The Rise of the Rest

What does Tevatron closure mean for big US science? (BBC)

This past summer, I tuned into a live broadcast of the final launch of NASA’s shuttle program while I was at work. It was one of the few times I actually waited to watch an amazing event like a space launch. A few weeks later, I found out that the national particle physics laboratory, Fermilab, was going to be shut down. Currently, the most powerful particle accelerator, the Large Hadron Collider, is located in Switzerland. They are the ones who will be pioneering research in particle physics for the foreseeable future.

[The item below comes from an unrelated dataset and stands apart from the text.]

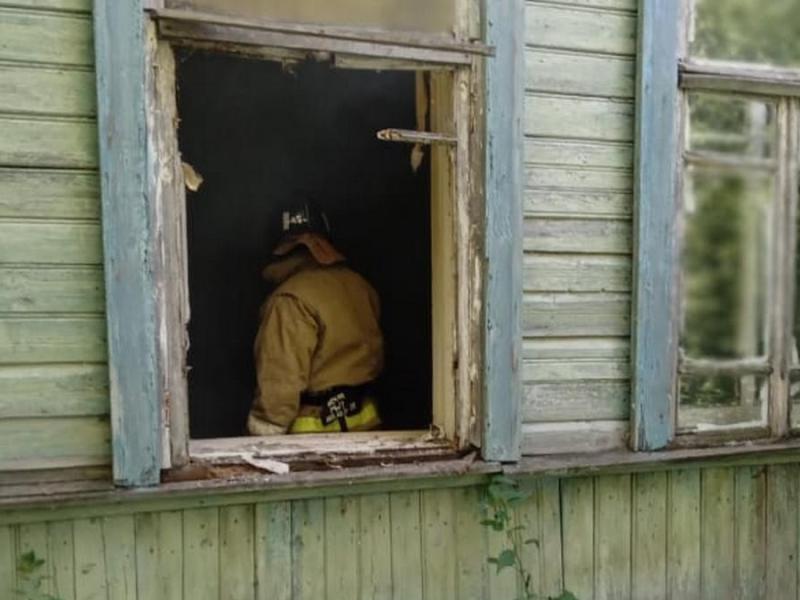 В Рязанской области в аварийном здании больницы случился пожар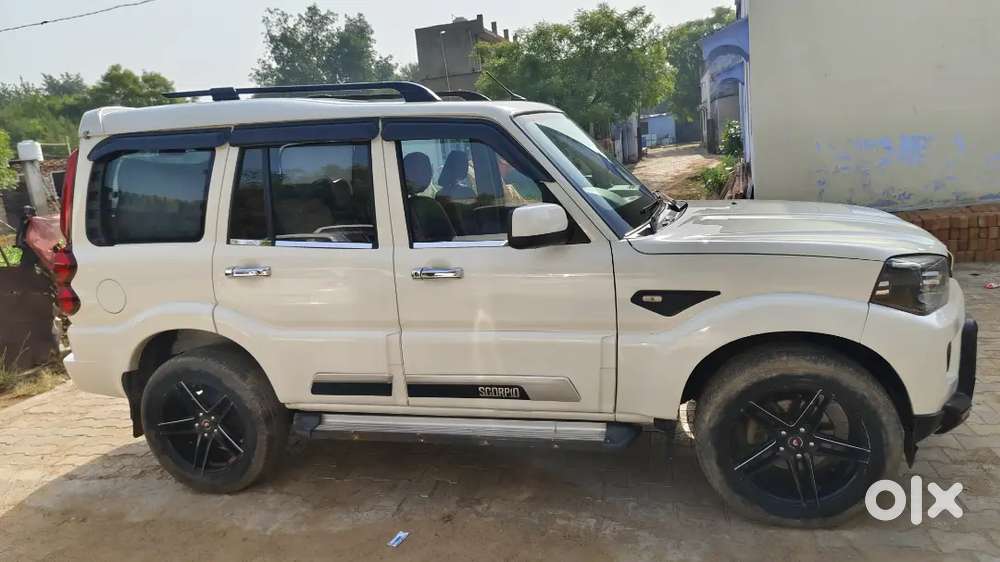 Mahindra Scorpio Classic 2021 Diesel Manual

I have been noticing that the scientific establishment of the United States has slowly been declining. We are no longer the leaders of these scientific frontiers. For a while, this thought disturbed and depressed me. I was disappointed by the fact that I would not be able to associate myself with having grown up in a country that led the greatest scientific innovations of the 21st Century.

But this article gave me a new outlook, or at least a more positive one. Particularly this part

I think what people would say is that we are experiencing a lot more competition than we have in the past. A lot of countries have learned from our growth over the past decades and are implementing some of the same policies to grow their own scientific infrastructures.

Perhaps it is not a matter of the U.S. falling behind, but the rest of the world catching up, and that is a good thing. For the well-being of the scientific establishment, it is good to have more people than ourselves contributing to research and development. And perhaps this is an opportunity for establishing a more united world. For the scientists here have no bias or bipartisan views against scientists in foreign countries. They are in it for the sake of science. They are mature enough to set aside their differences in order to achieve something far greater than themselves. Maybe the global scientific community would serve as a good model for creating a more united world. Then maybe one day, we will reach the stars.

The Large Hadron Collider Particles are accelerated to velocities approaching the speed of light and are then collided together, creating fabulous amounts of energy that would simulate the initial conditions of the big bang. In these collisions, photographs are taken and data is measured. Scientists are trying to understand things like how mass is formed, in an attempt to explain why things are the way they are in the universe.